En traversant cet enchevêtrement de béton et d'armatures métalliques, j'ai du mal à croire qu'il y a à peine une semaine, cet immeuble abritait 15 étages. La NASA estime que plus de 30 000 bâtiments de ce type se sont effondrés ou menacent de s'écrouler dans toute la région. Autrefois, c'était une station balnéaire ensoleillée et animée près de Caracas, la capitale du Venezuela : La Guaira. Aujourd'hui, la destruction s'étend sur environ 5 km de large et 15 km de long, affectant plus d'un million de personnes. J'estime que le taux d'effondrement dépasse les 50 %. On dirait qu'une explosion nucléaire a ravagé le littoral. Et une odeur familière flotte dans l'air : l'odeur de la mort. Des milliers de personnes ont péri ici, et beaucoup sont encore ensevelies sous ce béton explosé.

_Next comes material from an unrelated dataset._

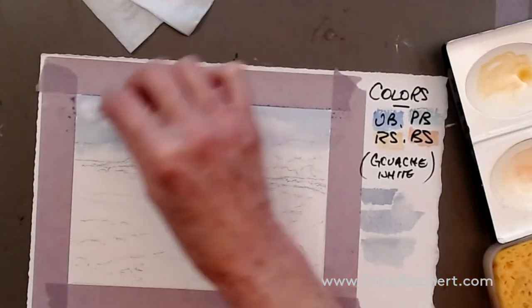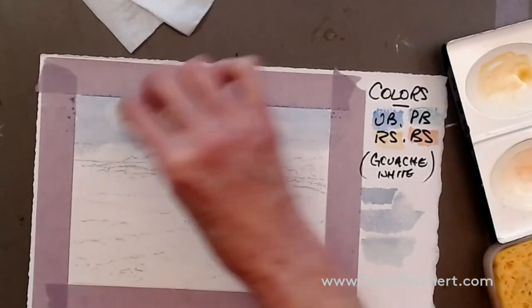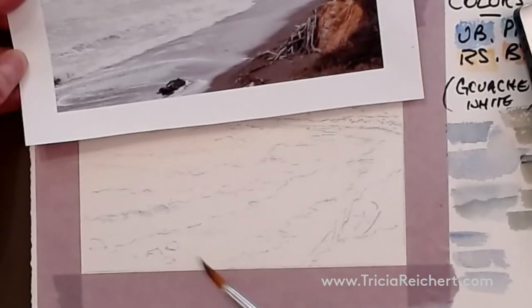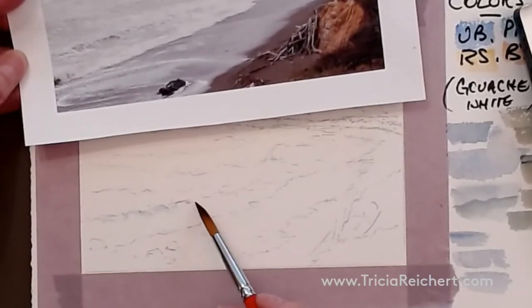I hope you're going to enjoy this afternoon's project. A lot to learn about painting water this afternoon. I'm working fairly quickly so that I get those shapes out before the paint has a chance to dry. So we're capturing these waves before they have a chance to run away from us.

Nous élaborons une stratégie de reconstruction avec le gouvernement vénézuélien, en collaboration avec le Bureau des interventions d'urgence et humanitaires du Département d'État américain. Le soleil tape fort tandis que nous progressons dans ces villes en ruines, sur des rues poussiéreuses. Nous gardons nos masques car le sable rouge et les débris volent autour de nous. Nous sommes préoccupés par la contamination à l'amiante, et même les masques en caoutchouc nous rendent le visage brûlant sous le soleil équatorial.

Au fil de notre marche, des familles nous arrêtent sans cesse pour nous demander d'inspecter leurs maisons. C'est une activité importante, même si elle nous détourne de notre mission initiale d'enquête stratégique.
Nous visitons une petite maison située au cœur d'une zone d'effondrement d'immeubles. Nous n'y trouvons aucun danger ni dégât. Petite mais solide, elle est construite en béton coulé sur place. Le sol meuble a amplifié les secousses et détruit les gratte-ciel modernes par de fortes oscillations, mais ces petites maisons en béton ont résisté aux séismes de magnitude 7,2 et 7,5. Elle est si reconnaissante. Elle dit que sa maison est sauvée, sa famille est saine et sauve, et qu'ils peuvent rentrer chez eux avec leurs enfants. Ce fut une journée longue et éprouvante, mais des moments comme celui-ci nous réchauffent le cœur.

Demain, nous rencontrerons le président du Venezuela pour lui faire part de nos conclusions.